Hardly anything. VAG has made it clear Porsche is in charge of its own lineup and will not **** with them. Hell, Audi is constantly distancing themselves AWAY from VW.

However, Audi is in charge of all the SUVs (for example, new Cajun is based off Q5, which is an MLB/MLP platform car) in the VAG portfolio and if a baby Boxster does happen, there are rumors that there will be an Audi and/or VW version of the car.

That being said, the Boxster, Cayman, and 911 stay bespoke Porsche with their own engines, platforms, etc.


----------



## Dave 330i (Jan 4, 2002)

AutoUnion said:


> Hardly anything. VAG has made it clear Porsche is in charge of its own lineup and will not **** with them. Hell, Audi is constantly distancing themselves AWAY from VW.
> 
> However, Audi is in charge of all the SUVs (for example, new Cajun is based off Q5, which is an MLB/MLP platform car) in the VAG portfolio and if *a baby Boxster does happen, there are rumors that there will be an Audi and/or VW version of the car.*
> 
> That being said, the Boxster, Cayman, and 911 stay bespoke Porsche with their own engines, platforms, etc.

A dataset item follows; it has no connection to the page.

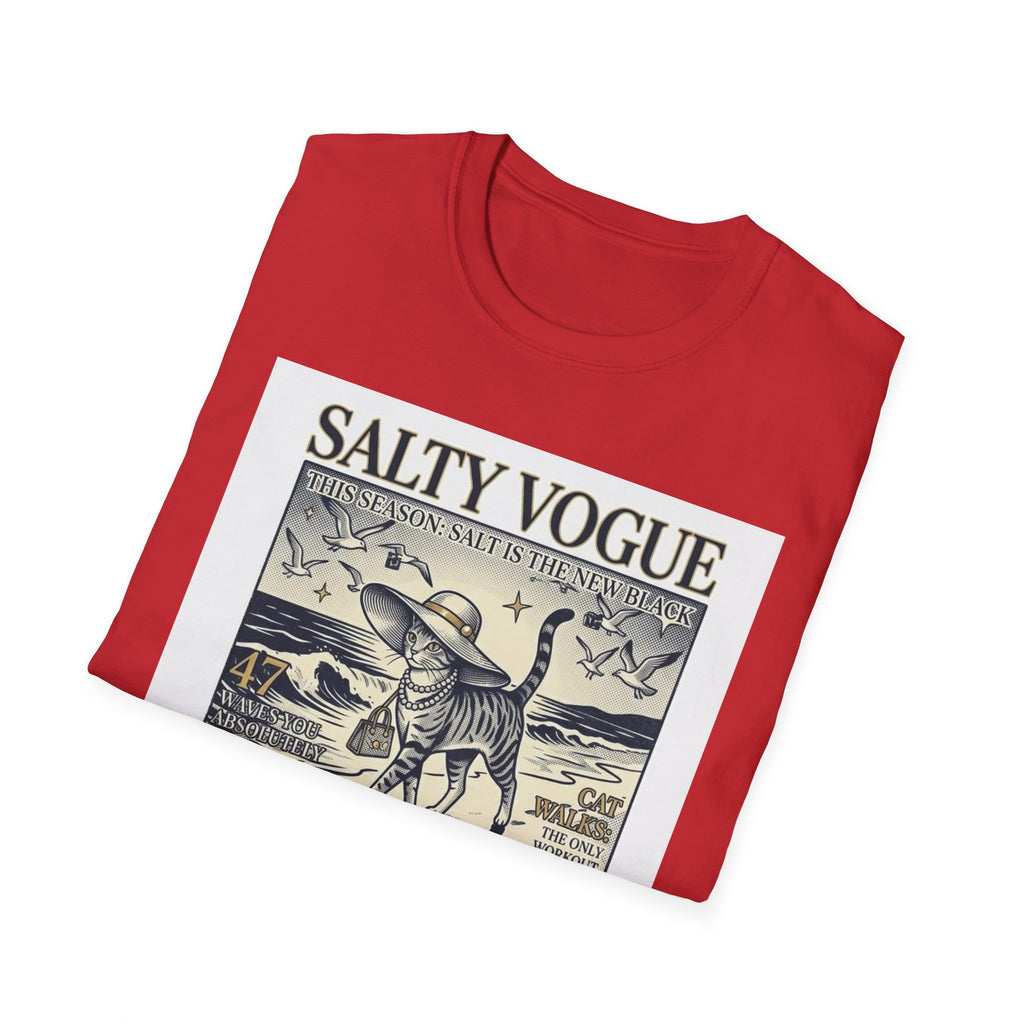 Salty Vogue T-Shirt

CEO can say anything he wants, but Porsche has only one vote on the board. I hope VW bean counters will not win out...

Porsche Ag., the maker of the famous 911 sports car will not build an entry-level two-seater vehicle smaller and cheaper than its Boxster model, CEO Matthias Mueller said in an interview with Stuttgarter Zeitung. According to the CEO, a plan like this would risk diluting the brand and alienate traditional customers. "We would do no good to the brand if we were to lose traditional Porsche customers" by pursuing a smaller Boxster model, the CEO was quoted as saying in an interview.


----------



## Dave 330i (Jan 4, 2002)

The future is here...
Porsche 2016 PAJUN. Reports from Germany have Porsche working on a new sedan that's smaller then the Panorama. Called the Pajun (a contraction of Panorama and Junior), the Porsche sedan is said to be based on the versatile VW MLB platform, which serves as the basis for the Audi A6, A7 and A8. I have said that Porsche-VW-Audi will be interchangeable, further dilute the brand name.


----------



## TXSTYLE (Aug 29, 2006)

Maybe I'm missing something so I apoligize in advance...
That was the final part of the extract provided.